We asked our master buildeer, Selvanathan Sthapati, to explain the faces on Iraivan. Here is his response, received today from India:
With regard to swami's question of Mahanaasi / kirtimukha -- the difference in this two terms is as follows;
Mahanasi means a big(maha) nose(naasi).This architectural form is seen on the gopuras and the vimanas. The shape is based on the face of lion and it is believed in tradition that this terrifying naasi form observes all the bad omen/evil things in and around the temple premises. This is the main reason that this form is created on the vimanas and gopuram.
These protective faces are common throughout the Hindu world.
Kirtimukha means Face of Glory or Fame. It is a hip ornamental feature seen on the dress of the gods and goddesses. This feature is based on the lion face with highly rich ornamentation.
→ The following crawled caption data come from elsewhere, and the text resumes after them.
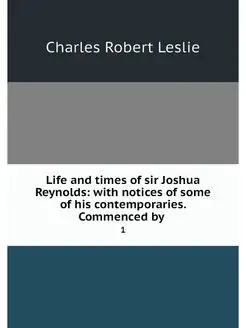 Life and times of sir Joshua Reynolds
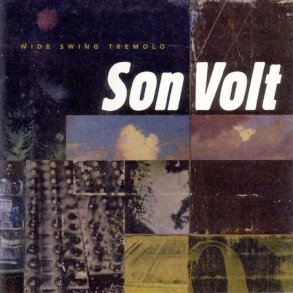 Son Volt - Wide Swing Tremolo (1998)
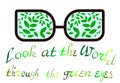 World environment day. a look at the world through green eyes. Ecological emblem. Prints for T-shirts. Eco consciousness.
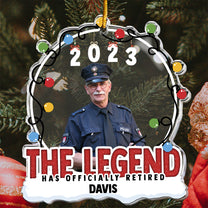 The Legend Has Officially Retired - Personalized Acrylic Photo Ornament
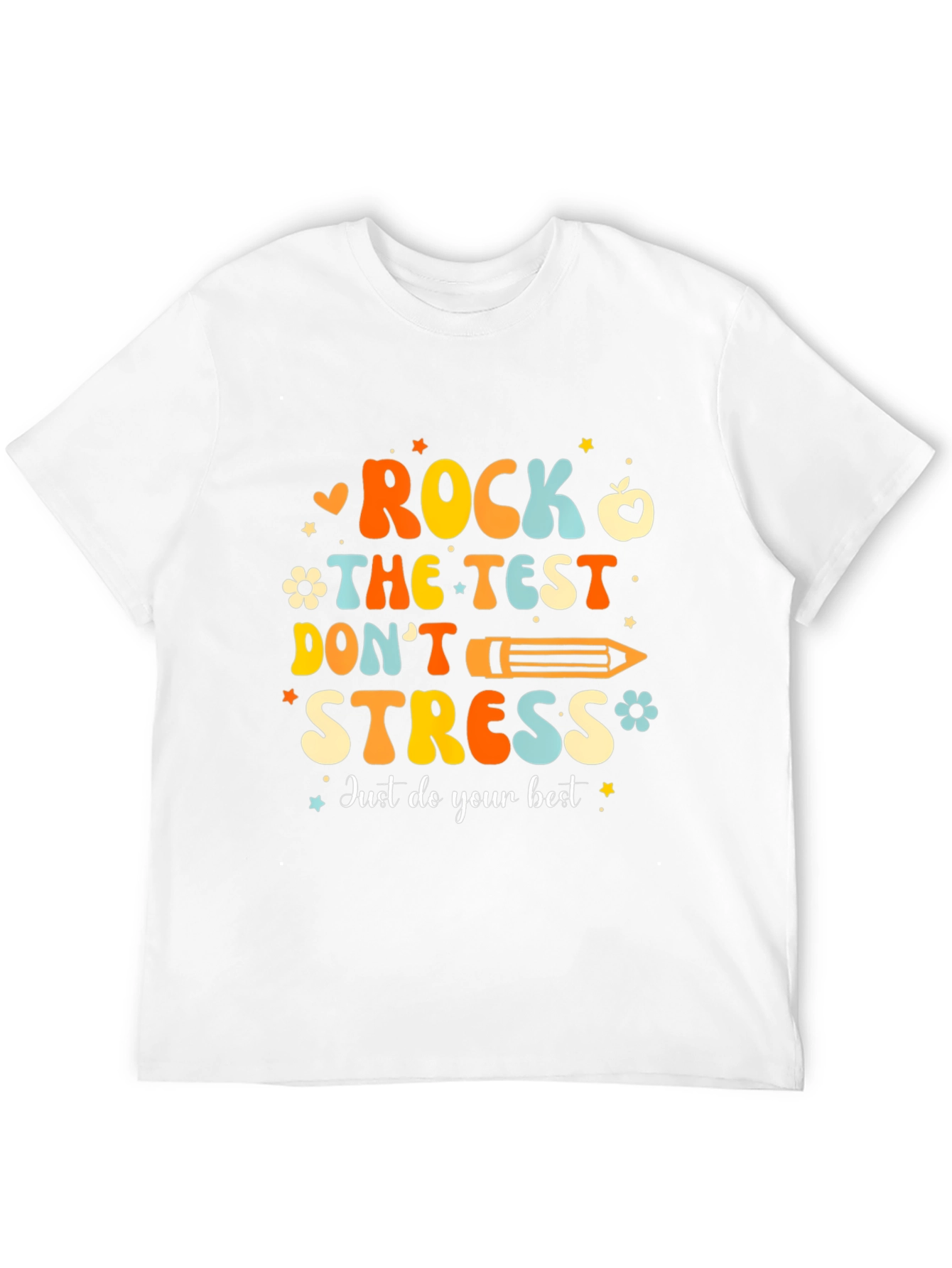Rock the Test T-Shirt: Dont Stress Do Your Best!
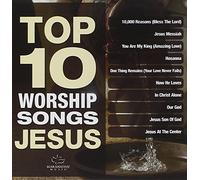Top 10 Worship Songs: Jesus
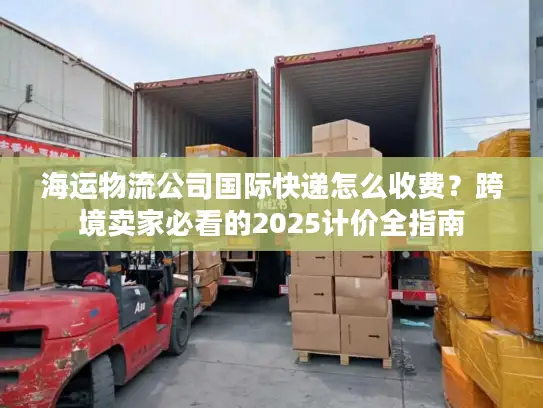 海运物流公司国际快递怎么收费？跨境卖家必看的2025计价全指南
There are dozens of these Mahanaasi on Iraivan temple.
In Bali, Hindus make special masks that are fearsome to the asuras and delightful to the devas.
What right-thinking asura would get near these three?
These are another ornamental feature that decorate the walls of the temples.
In fact, everywhere you look in Iraivan you see this.
You can hear these mahanaasi roar. Look closely, that is their roar artistically flowing from the mouth.
The small ones (as per swami's photos) are the chutra nasis (small nasikoodus) meaning a form with the outline of Mahanaasi but without lion face.
May all be protected by dharma.
May all be protected by their good karma.
May all be protected from harm.
Hindus believe in each individual as a soul, a divine being who is inherently good. We all have a threefold nature: instinctive, intellectual, intuitive. Develop the intuitive/spiritual/soul nature with compassion, devotion, penance. Use the intellect to help subdue the instinctive mind. Guilt is not a part of Hinduism. There is no eternal hell. You have a continuity of consciousness when you transition to the inner worlds. There is no devil, but there are mischievous "asuras."